▸ **EXERCISE DIRECTIONS**
Output the listing below verbatim, but drop the images.

▸ **RECORDED INFORMATION**
_ _ _ _ _ _ _

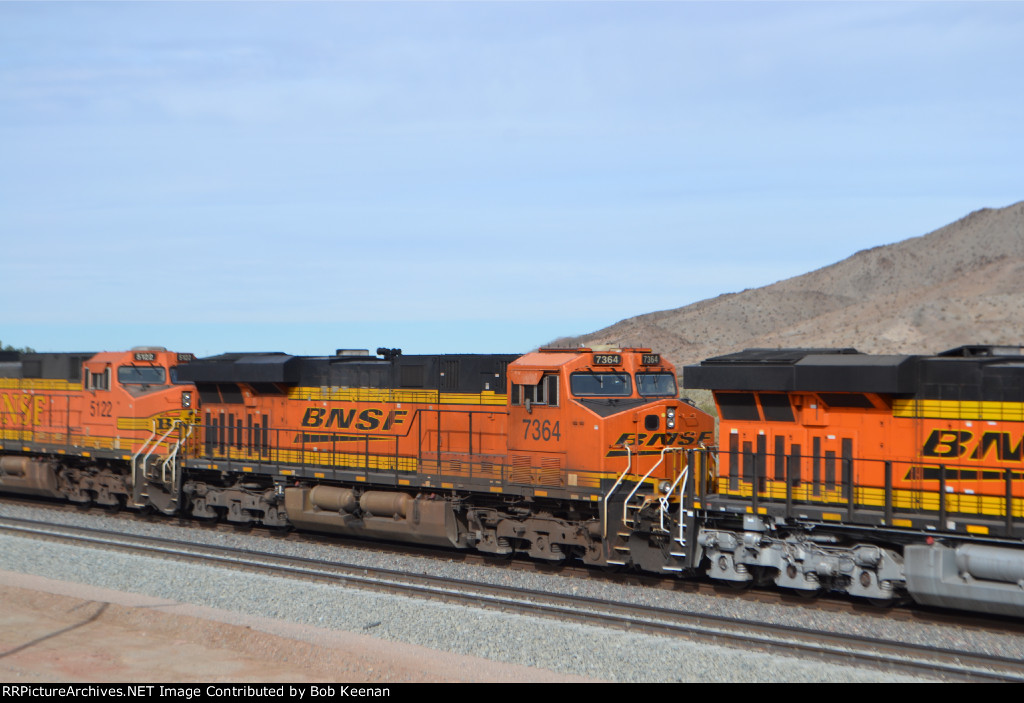 BNSF 7364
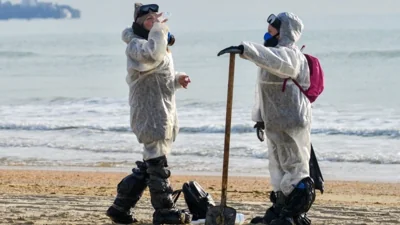 Россия: Роспотребнадзор признал пляжи Анапы непригодными для купания из-за выбросов мазута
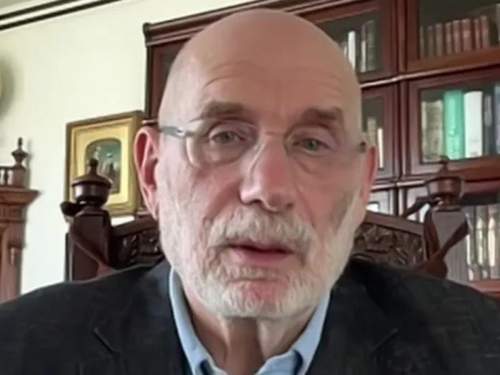 Суд арестовал имущество и счета жены Акунина* Суд арестовал имущество и счета жены Акунина*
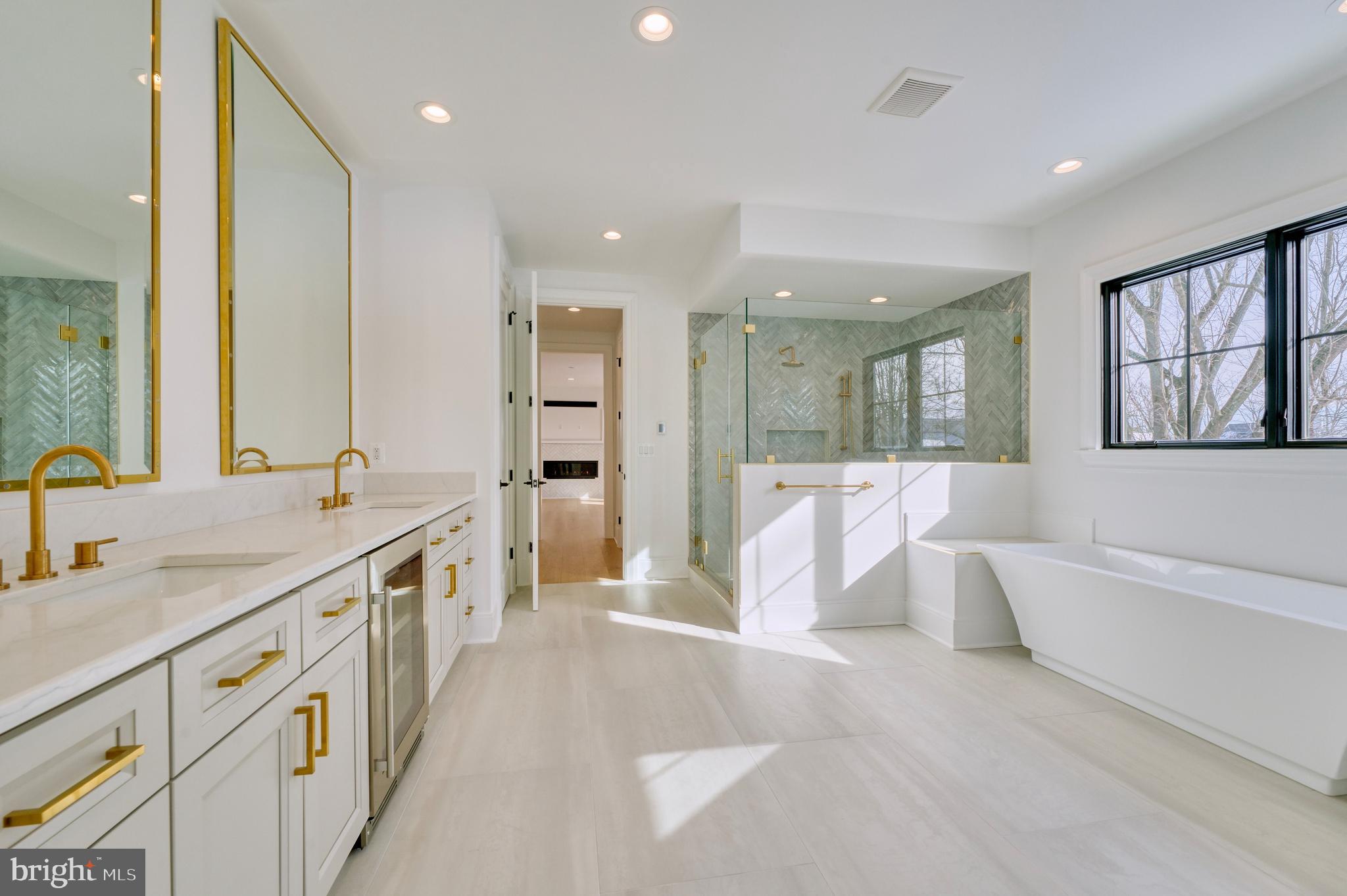 WILLIAMSBURG VILLAGE - Residential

_ _ _ _ _ _ _

▸ **RESPONSE TO THE EXERCISE**
 BNSF 7364
 Россия: Роспотребнадзор признал пляжи Анапы непригодными для купания из-за выбросов мазута
 Суд арестовал имущество и счета жены Акунина* Суд арестовал имущество и счета жены Акунина*
 WILLIAMSBURG VILLAGE - Residential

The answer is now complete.